Between sleep deprivation and it having been years since my last stats
class, I cannot wrap my mind around what should be an easy problem of
curve fitting.  In school I did have econometrics, but now I'm not
quite figuring out how to set this up. (Yes, if you don't use what you
learn you can forget it all. sigh.)

Can the following problem be done as a weighted least squares?  And if
not, in general can I do what I need to do in Excel (with stats
add-ins)? Most stand-alone stats programs are expensive (although some
have free trials).

I've got data on the adoption rate of technologies by year and
country. I want to estimate the adoption curve for certain countries,
and then forecast out just a few years (again, by country). The
literature on technology diffusion and the raw data itself suggest
using a logistic curve with a ceiling:

Penetration at time t  Pt = L / (1 + a exp(-bt))
L is the ceiling, a is the timing variable, b is the
slope.

For each country I have the penetration rate (per 100 or 1000 people)
of the technology for each year since the technology was introduced.
The probability of success here is this rate which is binary at the
individual level-- does a person have a computer (or internet access
or a cellular phone) or not?

I have the population growth rate, and for now will assume that the
max penetration (ceiling) is a fixed % of total population. As this is
more of an exploratory / qualitative look at the data I'm not using
any other explanatory variables, just time. In many of the countries
the technology is mature-- the growth rate is past its the inflection
point-- but none have reached their ceilings.

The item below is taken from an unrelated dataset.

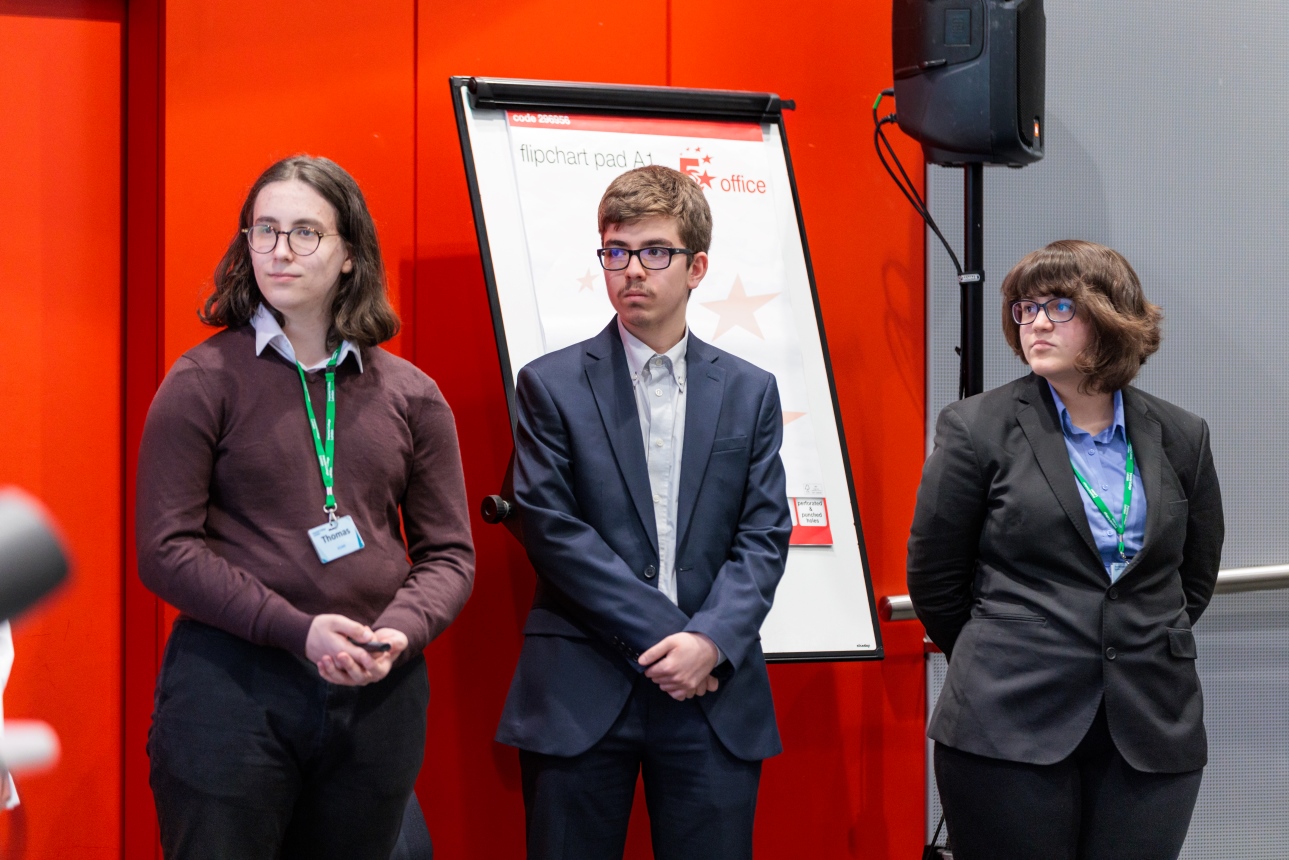 A team presents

So essentially this is a logit with pre grouped data, or is it? 

My Gujarati textbook has an example of estimating a and b for a logit
with grouped data using WLS. For each Xi, one obtains the logit
LN(Pi/(1-Pi) = A + B Xi + Ui.  One then multiplies both sides by the
square root of the weight:
Wi = Ni(Pi*)(1-Pi*)
where Ni =  samples at X=i, Pi* = relative frequency at X=i 
to account for heteroscedasticity.  I can understand how this works
when you are grouping individual data. By with my data there isn't a
Ni per se: this is population data already. Can I still uses WLS- what
would be the weight? (As a side question, can't the inflection point
in the change of the growth rate be used to estimate total time to
full penetration, given the assumptions of logistic curves?)

And if not WLS, how should I think about approaching this data? This
sort of curve fitting + slight forecasting should be easy, if I could
just see over the mental block I've got about it. Thank you.